Your goal: Within the entries below, every line containing "large" is to be copied.

Data for analysis:
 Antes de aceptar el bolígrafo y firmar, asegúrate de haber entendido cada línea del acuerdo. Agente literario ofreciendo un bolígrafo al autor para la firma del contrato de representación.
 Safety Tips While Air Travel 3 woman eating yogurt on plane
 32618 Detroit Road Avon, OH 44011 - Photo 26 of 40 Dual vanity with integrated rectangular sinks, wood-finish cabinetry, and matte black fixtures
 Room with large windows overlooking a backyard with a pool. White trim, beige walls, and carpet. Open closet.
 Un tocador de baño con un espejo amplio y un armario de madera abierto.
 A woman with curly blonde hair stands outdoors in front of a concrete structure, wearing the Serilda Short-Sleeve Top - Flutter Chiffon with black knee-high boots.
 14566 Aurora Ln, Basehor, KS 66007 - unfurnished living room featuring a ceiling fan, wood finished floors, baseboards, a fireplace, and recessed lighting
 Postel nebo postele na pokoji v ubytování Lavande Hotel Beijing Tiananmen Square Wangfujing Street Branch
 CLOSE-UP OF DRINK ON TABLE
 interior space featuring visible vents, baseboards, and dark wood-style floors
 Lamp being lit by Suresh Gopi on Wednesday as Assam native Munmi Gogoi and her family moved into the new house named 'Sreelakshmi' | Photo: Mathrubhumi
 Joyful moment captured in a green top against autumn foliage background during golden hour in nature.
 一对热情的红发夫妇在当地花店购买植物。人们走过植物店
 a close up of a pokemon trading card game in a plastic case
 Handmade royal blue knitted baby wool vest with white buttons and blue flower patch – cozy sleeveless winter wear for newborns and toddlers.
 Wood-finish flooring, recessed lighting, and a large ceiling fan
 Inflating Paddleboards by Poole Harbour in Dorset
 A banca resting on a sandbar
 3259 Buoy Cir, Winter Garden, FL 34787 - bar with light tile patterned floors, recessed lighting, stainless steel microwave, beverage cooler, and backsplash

Answer box:
 Room with large windows overlooking a backyard with a pool. White trim, beige walls, and carpet. Open closet.
 Wood-finish flooring, recessed lighting, and a large ceiling fan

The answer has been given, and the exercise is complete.